▶ _WHAT THE TASK ASKS_: Copy each line from the data that has the word "Women" in it.
==== GIVEN RECORDS
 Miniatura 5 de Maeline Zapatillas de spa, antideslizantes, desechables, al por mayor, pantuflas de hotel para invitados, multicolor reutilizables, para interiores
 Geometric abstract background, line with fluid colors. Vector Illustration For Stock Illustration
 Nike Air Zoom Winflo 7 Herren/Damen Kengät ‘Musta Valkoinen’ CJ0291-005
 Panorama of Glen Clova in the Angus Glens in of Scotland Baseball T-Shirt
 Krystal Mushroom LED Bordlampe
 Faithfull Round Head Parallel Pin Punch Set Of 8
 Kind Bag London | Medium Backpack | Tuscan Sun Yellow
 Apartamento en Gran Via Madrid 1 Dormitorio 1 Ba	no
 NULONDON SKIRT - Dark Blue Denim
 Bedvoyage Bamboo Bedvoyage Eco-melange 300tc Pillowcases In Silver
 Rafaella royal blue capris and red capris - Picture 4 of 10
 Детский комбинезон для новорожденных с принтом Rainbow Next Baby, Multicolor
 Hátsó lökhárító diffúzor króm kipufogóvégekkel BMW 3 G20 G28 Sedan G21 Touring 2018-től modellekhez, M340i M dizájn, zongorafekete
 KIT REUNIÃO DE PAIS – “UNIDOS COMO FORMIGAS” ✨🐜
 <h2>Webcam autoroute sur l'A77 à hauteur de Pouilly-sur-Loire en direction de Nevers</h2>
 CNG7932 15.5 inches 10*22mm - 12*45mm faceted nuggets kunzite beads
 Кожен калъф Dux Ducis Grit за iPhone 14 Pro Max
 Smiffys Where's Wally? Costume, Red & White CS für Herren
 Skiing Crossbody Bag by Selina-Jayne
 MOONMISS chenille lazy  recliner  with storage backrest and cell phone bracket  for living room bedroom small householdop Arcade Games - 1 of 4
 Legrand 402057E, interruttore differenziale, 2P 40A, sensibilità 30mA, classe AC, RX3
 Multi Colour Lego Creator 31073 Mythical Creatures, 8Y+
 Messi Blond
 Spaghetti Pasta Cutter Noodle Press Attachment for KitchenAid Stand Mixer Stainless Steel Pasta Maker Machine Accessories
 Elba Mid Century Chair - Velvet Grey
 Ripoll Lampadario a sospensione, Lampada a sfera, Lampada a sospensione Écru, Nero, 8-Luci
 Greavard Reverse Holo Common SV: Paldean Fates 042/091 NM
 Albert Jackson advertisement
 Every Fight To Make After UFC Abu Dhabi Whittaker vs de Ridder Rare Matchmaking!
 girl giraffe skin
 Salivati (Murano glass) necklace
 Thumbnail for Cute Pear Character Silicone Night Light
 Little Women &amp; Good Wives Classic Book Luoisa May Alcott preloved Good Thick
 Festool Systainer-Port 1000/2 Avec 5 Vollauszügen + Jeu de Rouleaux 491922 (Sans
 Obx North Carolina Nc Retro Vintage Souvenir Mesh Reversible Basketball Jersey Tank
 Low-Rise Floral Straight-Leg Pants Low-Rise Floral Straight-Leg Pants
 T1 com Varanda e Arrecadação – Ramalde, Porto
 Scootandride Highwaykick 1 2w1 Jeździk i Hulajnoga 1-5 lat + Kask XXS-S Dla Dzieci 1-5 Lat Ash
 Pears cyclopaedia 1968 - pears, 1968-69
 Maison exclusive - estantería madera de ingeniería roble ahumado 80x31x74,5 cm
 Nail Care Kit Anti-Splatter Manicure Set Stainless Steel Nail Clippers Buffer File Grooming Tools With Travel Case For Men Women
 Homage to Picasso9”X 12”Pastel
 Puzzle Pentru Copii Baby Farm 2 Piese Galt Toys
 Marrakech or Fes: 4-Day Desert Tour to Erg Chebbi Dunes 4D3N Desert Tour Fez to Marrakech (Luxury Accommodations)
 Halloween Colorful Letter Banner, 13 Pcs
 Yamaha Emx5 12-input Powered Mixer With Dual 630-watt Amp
========
▶ _ANSWER TO THIS PROBLEM_:
 Little Women &amp; Good Wives Classic Book Luoisa May Alcott preloved Good Thick
 Nail Care Kit Anti-Splatter Manicure Set Stainless Steel Nail Clippers Buffer File Grooming Tools With Travel Case For Men Women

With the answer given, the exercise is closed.